I certainly feel that one of the reasons soccer has not really taken hold in the US is because of American isolationism and exceptionalism. We don't typically let sports enjoyed by other countries gain a foot hold here (soccer, hockey, cricket, rugby, etc.). We like our homegrown sports, and that is fine (I am not a huge fan of any of the American sports, but that is a function of never playing them or growing up watching them), but I think we miss something by not inculcating more of an appreciation for other sports.
traehekat wrote:Soccer suffers the same problem hockey does - there just isn't enough going on. They kick the ball around and a few times a game it goes in the back of the net. With sports like football, basketball, baseball, tennis, etc. there may not be more scoring plays (like in football, or even baseball), but there is a variety of things going on. In football, for example, interceptions, sacks, big runs, great catches, etc. are all just as exciting, if not more exciting in some cases, than the actual scoring. I just don't think sports like soccer or hockey have this kind of excitement. Baseball is the same thing - doubles, triples, great catches, robbing a home run, great pitching, etc. are all things that are just as interesting as the actual scoring. Tennis always has scoring, but points all develop in different ways, which makes it interesting.
I totally disagree. As both a soccer and hockey fan (and player), I feel confident in saying that both sports have plenty going on. Watch a soccer game, and you will see literally hundred of permutations of positional play all over the pitch, from defensive posturing, to midfield construction, to anticipatory runs being made by forwards. And all of this depends on the circumstances of a given match. Watching the pass construction is far more than just 11 guys kicking the ball around haphazardly (at least in the good leagues). Beyond that there is an enormous amount of physical jockeying for control of prime position with other players to make one's self available for a pass, or to win possession of the ball. The much derided flopping of players in search of a favorable call is also one of my favorite aspects of the sport - criticizing the ref for botched calls or mis-application of the rules (especially in big games) and the ensuing debates always provide some very enjoyable moments. From a pure sporting perspective this is not why I love soccer, but it makes watching the games that much better. The lack of instant replay or challenges makes it all the more intense. Further, watching a brilliant player create a scoring opportunity, or take a chance to finish (score a goal) doesn't get much better. I love hockey, but with few exceptions, goals are just goals. Touchdowns (to me, the uninitiated) are usually all the same. Baskets scored are baskets scored. But watching Messi split five defenders, or bending a ball from 20 yards out into the top corner is an awesome spectacle. Seeing a goalie make a great stop, or a defender slide in for a killer tackle or block is just as exciting.

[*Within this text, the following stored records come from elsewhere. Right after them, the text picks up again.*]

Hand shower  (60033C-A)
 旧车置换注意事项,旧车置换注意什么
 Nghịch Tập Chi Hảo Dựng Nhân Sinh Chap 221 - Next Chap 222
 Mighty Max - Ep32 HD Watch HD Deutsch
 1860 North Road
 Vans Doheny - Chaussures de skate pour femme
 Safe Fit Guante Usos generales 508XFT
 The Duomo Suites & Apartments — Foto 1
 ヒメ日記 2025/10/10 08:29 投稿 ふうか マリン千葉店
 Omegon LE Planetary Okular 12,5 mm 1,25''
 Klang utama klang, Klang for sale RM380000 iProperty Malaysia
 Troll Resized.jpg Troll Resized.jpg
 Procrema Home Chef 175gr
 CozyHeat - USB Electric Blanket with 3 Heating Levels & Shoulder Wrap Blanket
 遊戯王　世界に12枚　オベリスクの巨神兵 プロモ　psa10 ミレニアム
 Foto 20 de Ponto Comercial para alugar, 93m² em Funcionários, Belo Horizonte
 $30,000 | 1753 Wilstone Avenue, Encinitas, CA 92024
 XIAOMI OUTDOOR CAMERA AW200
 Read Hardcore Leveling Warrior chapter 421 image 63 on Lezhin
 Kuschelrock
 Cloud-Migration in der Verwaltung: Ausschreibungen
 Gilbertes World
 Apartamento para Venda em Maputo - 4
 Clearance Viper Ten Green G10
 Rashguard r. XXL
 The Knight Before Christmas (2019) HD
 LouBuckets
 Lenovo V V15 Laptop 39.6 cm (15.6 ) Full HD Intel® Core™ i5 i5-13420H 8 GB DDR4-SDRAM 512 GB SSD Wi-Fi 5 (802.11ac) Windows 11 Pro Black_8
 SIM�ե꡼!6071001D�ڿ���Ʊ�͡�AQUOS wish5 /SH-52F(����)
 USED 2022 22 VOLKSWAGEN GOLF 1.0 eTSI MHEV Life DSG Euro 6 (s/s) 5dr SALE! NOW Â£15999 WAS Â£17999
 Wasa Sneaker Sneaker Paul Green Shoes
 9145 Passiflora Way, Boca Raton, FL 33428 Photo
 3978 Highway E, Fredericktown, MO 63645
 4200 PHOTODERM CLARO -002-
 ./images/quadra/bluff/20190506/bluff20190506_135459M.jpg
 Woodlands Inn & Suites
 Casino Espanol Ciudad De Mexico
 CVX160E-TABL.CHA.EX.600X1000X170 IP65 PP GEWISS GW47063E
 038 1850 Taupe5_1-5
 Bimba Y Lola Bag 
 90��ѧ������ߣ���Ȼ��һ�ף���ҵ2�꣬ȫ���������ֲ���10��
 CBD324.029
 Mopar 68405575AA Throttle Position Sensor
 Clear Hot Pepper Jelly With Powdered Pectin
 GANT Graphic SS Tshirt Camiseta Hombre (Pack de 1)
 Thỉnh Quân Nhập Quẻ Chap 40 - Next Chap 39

And it never gets better than in international competitions. For whatever the Super Bowl is, it is nothing compared to the World Cup or the Euros. I was in Madrid for Spain's 2008 Euro win, and it was greater pandemonium and a better party than the Broncos winning the Super Bowl or the Avs winning the Stanley Cup. I was up with the crowds until 7 a.m. and have never been to a better party (or had a worse hangover).
So in the spirit of not derailing this thread anymore (sorry...) I would very much like to grab some beers and catch a game or two with some non-soccer fans so long as someone will teach me the finer points of American football.